U.S. envisions multifront attack

Pentagon's plans for battling Saddam use Turkey as northern launching pad

? The Pentagon is drawing up plans to helicopter thousands of U.S. soldiers into Iraq from Turkey in the early days of an invasion, establishing a northern front that war planners increasingly see as a key part of any U.S. military action against Saddam Hussein’s regime.

Designed partly to address Turkish opposition to basing large numbers of U.S. troops on its soil, the plans call for ferrying soldiers into Turkish bases and transferring them quickly to helicopters that would deposit them in northern Iraq, senior defense officials said. There they would secure key oil fields and stabilize provinces already controlled by ethnic Kurds, who oppose the Iraqi president’s regime.

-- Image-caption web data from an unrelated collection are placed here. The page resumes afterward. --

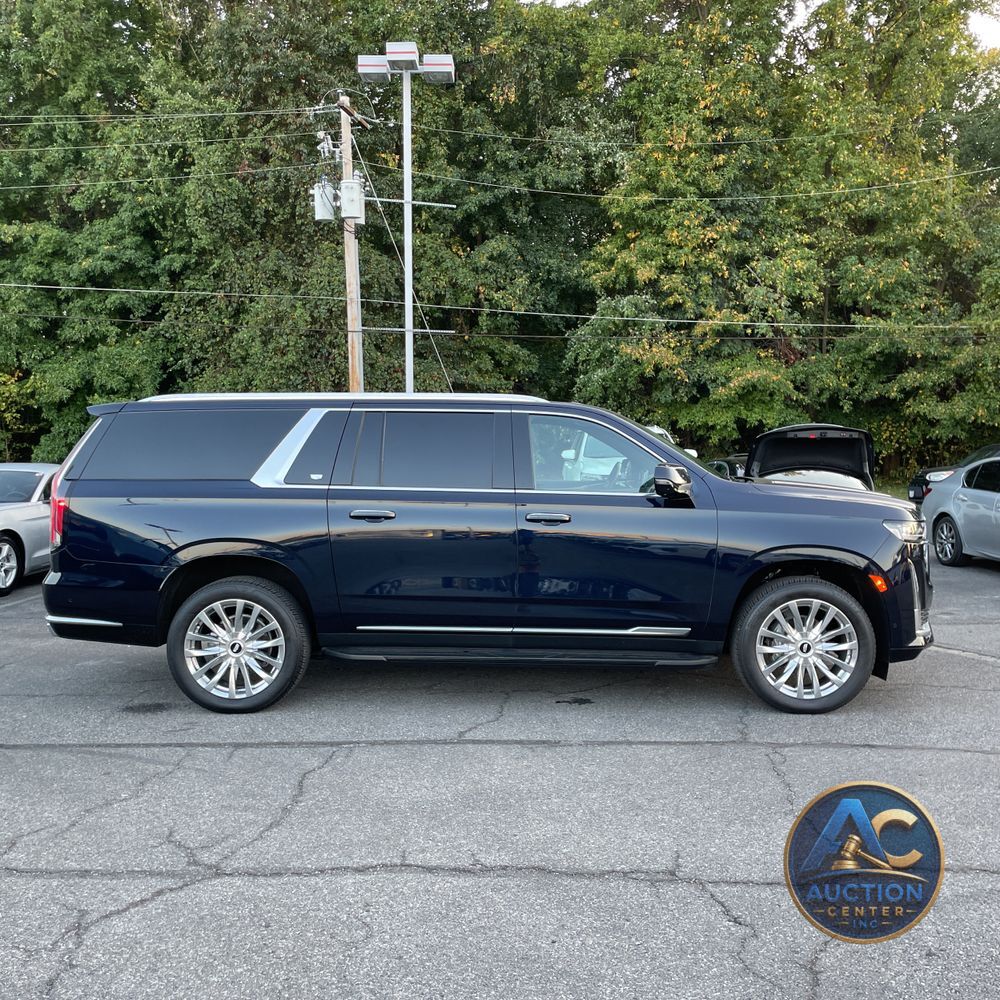2024 Cadillac Escalade ESV Premium Luxury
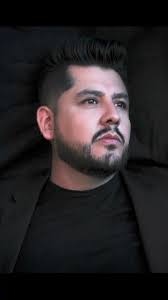 Debes ser un gran hombre!!!🎤🎶 #ArturoGuerra #Singer #singerlifestyle🎤❤️ 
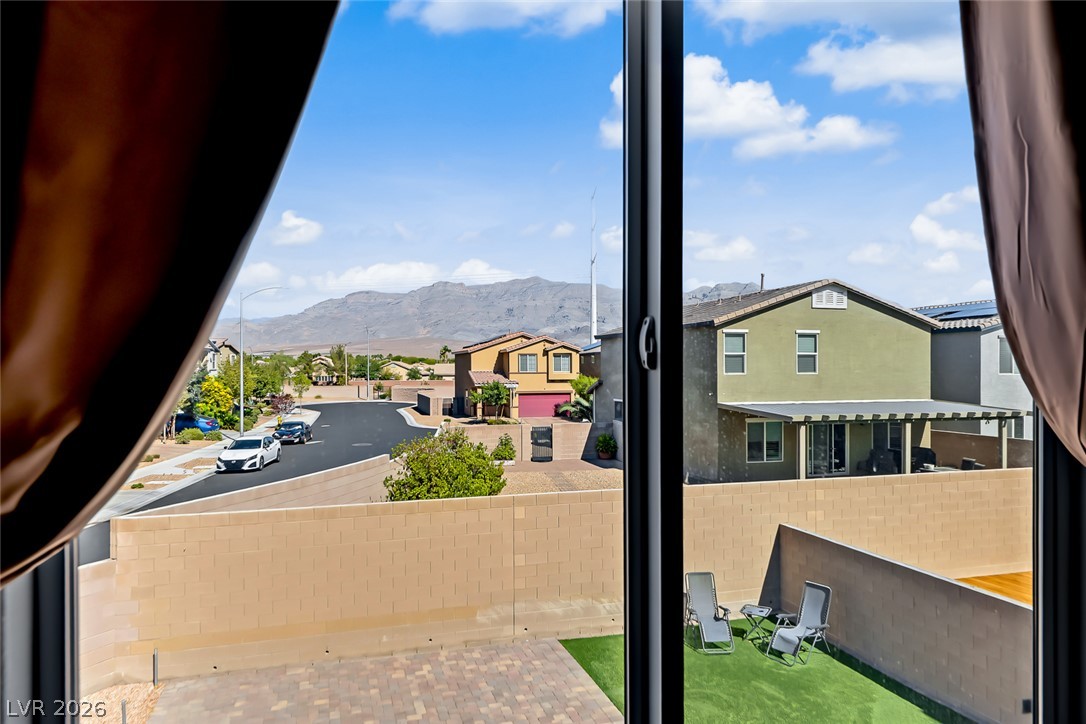 Photo 5 of 3848 Berenices Avenue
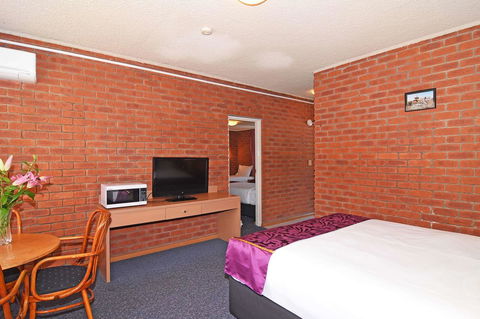 Main Lead Ballarat Motel - Accommodation Cairns 11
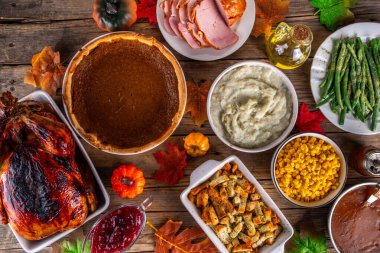 Şükran Günü yemeği ya da öğle yemeği masası. Çeşitli geleneksel Şükran Günü yemekleri. Hindi, kenar, et suyu, balkabağı turtası, üst görünüm fotokopi alanı.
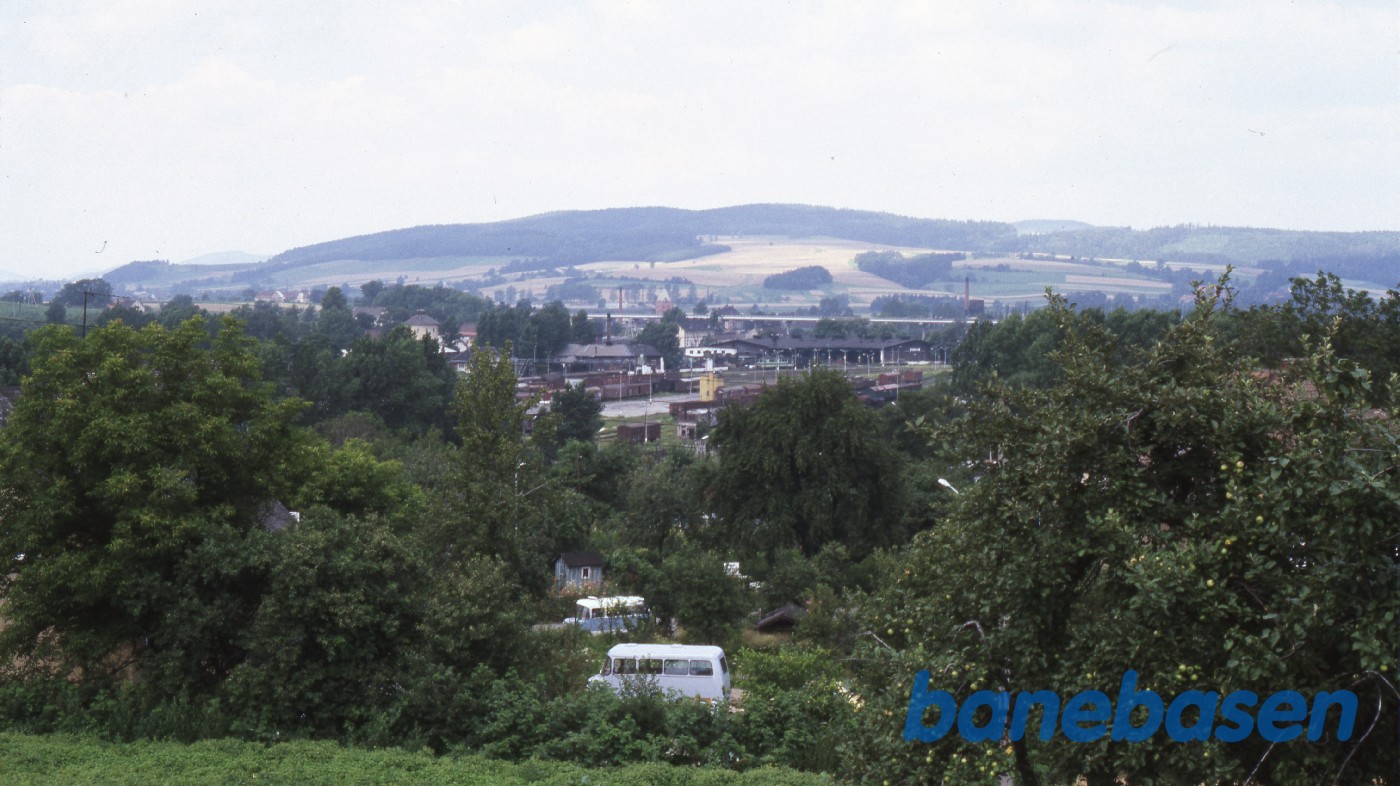 Et vue ned over hele remiseområdet, muligvis Klodzko Et vue ned over hele remiseområdet, muligvis Klodzko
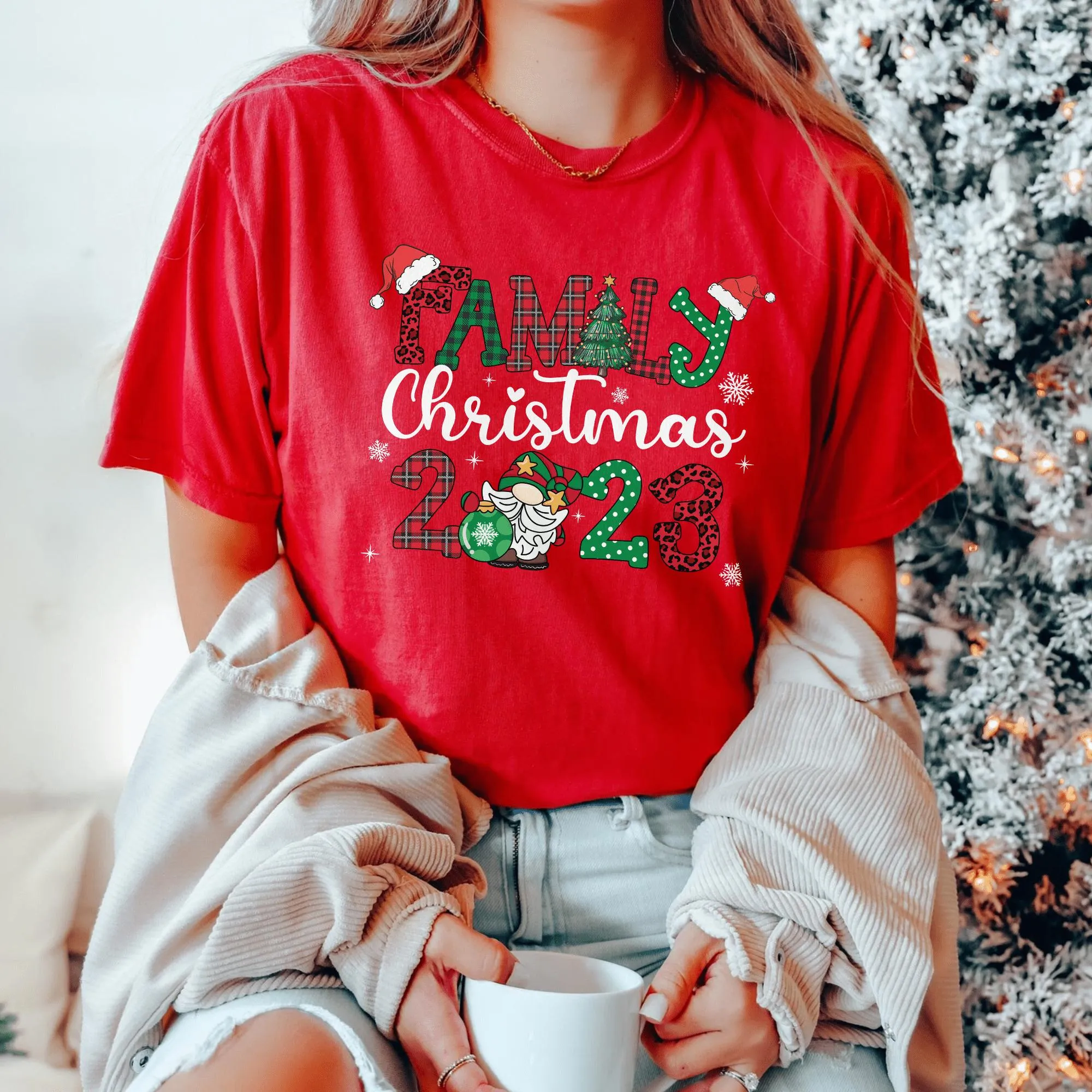 Sandjest Christmas Funny T-Shirt Gifts for Couple Husband Wife Girlfriend Boyfriend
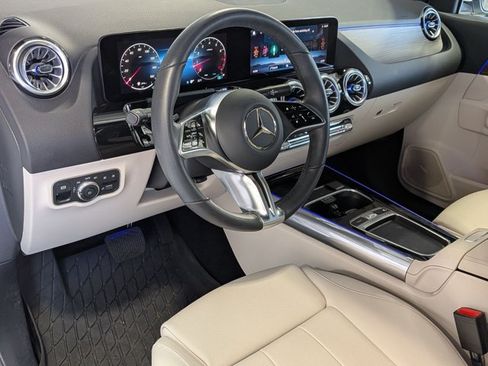 Used 2026 Mercedes-Benz GLA 250 4MATIC image 10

The still-developing plans for a northern front would use Turkish bases as staging areas for lightly equipped, U.S. Army airborne units. The troops — most likely elements of the Army’s V Corps, based in Germany, and the 101st Airborne Division, based at Fort Campbell, Ky. — would be flown into Turkey a few thousand at a time, only long enough to be shuttled onto combat helicopters for deployment into Iraq.

An assault on Iraq from the north, in addition to much larger invasions planned from the west and the south, “will scare the bejesus out of Saddam,” one military officer said, and force him to devote troops and resources to repelling U.S. advances on several fronts.

The plans cannot be successful without the approval of Turkish officials, who have been the focus of intense U.S. diplomatic efforts in recent weeks. The Turks, the sole Muslim member of the North Atlantic Treaty Organization, have permitted small numbers of U.S. Special Forces soldiers to move clandestinely into the Kurdish regions of northern Iraq, but they don’t want a huge American military presence in their country.

For months now the Pentagon has been building up forces in the Persian Gulf nations to Iraq’s south — Kuwait, Bahrain, Qatar, Oman and the United Arab Emirates — capable of mounting a major invasion of Iraq by land, sea and air. Such an invasion, including forces that would move into Iraq from Saudi Arabia to the south and west, could involve more than 100,000 U.S. troops.

About 50,000 soldiers, sailors, airmen and Marines already are in the Persian Gulf, with heavy armor and other equipment flowing in.